Epstein’s gustatory memories go all the way back to childhood. “I became interested in cooking,” he recalls, “as I watched my grandmother Ida bake pies, preserve peaches and applesauce from her own trees, and roast chickens she had fattened herself in the cellar when it was too cold for them outdoors.” He was fascinated as much by the independent spirit as by the food itself, and this is a theme that permeates every page. Indeed, Epstein (fondly) remembers old Ida as an abysmal cook, her most vile production being a “chicken pot pie made from a worn-out laying hen…. The crust, shiny on top, was gummy underneath, the broth was thin, and the chicken itself overcooked, dry, stringy, and tasteless.”

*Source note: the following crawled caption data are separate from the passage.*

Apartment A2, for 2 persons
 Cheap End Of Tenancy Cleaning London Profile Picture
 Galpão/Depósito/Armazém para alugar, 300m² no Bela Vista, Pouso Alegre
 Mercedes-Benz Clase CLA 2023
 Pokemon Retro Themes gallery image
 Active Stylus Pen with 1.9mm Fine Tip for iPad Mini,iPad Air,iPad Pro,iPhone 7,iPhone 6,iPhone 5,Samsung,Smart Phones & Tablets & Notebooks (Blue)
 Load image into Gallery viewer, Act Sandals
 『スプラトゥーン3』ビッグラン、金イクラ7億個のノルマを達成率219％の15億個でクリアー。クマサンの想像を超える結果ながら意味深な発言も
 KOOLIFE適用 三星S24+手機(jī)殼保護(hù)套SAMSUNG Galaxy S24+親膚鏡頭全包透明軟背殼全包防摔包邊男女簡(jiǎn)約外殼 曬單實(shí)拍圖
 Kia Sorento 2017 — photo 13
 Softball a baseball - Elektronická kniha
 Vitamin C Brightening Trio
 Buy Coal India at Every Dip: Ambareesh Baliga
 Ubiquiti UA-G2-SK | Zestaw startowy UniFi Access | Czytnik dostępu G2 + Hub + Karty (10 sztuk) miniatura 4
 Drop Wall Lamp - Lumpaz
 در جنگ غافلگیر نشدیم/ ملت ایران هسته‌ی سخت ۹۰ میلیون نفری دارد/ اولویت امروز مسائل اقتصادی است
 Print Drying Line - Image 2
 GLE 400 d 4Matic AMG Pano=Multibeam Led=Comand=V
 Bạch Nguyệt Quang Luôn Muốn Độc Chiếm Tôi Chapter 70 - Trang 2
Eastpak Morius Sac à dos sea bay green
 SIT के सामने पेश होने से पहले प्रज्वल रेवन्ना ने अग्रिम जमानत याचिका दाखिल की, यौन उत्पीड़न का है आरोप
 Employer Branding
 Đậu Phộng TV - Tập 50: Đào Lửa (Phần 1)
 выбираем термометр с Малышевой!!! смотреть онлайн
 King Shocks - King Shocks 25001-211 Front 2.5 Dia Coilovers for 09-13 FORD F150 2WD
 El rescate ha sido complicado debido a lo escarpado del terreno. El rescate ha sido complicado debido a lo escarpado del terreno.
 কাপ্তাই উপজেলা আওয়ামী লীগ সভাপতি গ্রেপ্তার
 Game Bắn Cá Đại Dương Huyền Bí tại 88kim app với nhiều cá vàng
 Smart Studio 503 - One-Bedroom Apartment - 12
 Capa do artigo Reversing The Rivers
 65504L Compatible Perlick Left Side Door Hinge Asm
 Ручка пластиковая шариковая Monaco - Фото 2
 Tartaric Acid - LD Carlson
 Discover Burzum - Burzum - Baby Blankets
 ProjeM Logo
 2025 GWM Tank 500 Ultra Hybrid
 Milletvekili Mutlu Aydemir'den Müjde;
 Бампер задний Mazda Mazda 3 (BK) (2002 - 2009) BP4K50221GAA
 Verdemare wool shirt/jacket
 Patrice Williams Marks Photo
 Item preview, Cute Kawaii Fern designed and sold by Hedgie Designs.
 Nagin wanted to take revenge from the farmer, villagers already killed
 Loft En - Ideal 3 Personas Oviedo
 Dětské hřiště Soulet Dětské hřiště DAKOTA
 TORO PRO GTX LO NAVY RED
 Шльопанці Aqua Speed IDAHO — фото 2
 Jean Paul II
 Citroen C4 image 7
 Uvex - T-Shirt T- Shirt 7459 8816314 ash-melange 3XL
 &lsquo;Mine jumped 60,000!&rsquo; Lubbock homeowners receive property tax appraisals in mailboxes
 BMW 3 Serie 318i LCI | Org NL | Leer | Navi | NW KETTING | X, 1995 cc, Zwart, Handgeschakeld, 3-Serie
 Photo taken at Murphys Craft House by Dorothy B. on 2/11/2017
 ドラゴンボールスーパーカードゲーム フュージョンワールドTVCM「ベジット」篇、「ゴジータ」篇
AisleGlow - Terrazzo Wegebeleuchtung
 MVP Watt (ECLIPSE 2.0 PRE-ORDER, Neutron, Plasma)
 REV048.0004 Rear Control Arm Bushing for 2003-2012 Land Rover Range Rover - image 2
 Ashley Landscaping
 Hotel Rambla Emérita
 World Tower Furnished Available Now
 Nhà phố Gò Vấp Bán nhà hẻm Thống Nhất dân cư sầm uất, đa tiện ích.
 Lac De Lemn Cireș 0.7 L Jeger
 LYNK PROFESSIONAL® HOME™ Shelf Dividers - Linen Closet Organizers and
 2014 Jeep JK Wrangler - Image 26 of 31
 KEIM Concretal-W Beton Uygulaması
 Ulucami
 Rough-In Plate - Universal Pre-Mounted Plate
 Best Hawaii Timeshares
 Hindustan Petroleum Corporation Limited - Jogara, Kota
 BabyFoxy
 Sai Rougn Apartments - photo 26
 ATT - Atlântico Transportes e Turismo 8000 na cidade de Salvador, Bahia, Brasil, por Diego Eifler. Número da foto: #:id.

Epstein supplies an elaborate recipe for a quality pot pie, but it’s the rubbish one that seizes the reader’s imagination. The will to soldier on in the kitchen despite a manifest lack of natural ability is something to which many of us can relate. We can respect it in others, too, as a mark of character, a desire for self-reliance and productive engagement with one’s GI tract. Last but not least, we can laugh at its frequently charred, congealed, or mildly poisonous results.
We can’t laugh at Jason Epstein, though. There is scant evidence in this volume that he has ever put a foot wrong in the kitchen. There are no third-degree burns, or accidental amputations, or hilarious substitutions of, say, Comet for instant pistachio pudding. “[I]n this book,” he promises, “I shall describe some favorite dishes as if I were talking to friends who have liked something I’ve cooked and want to try it themselves.” The trouble is that those friends are invariably the likes of “Craig Claiborne, the New York Times food writer” or “the late Norman Mailer and his splendid wife, Norris” or Jackie O. In other words, expect heavy gravity and watch out for dropping names.
There is no denying that Epstein knows his stuff. His recipes sound delicious, despite his frustrating insistence on taunting the reader with specialty ingredients: “[Y]ou will need a twenty-eight-ounce can of San Marzano tomatoes. These are grown in volcanic soil on the slopes of Vesuvius” or “[a]dd…a teaspoon each of Harvey Sauce and Mushroom Ketchup, nineteenth-century English condiments which you can order from the British Shoppe.” (Much like Patum Peperium, a little bit of this ostentatious finickiness goes a long way.)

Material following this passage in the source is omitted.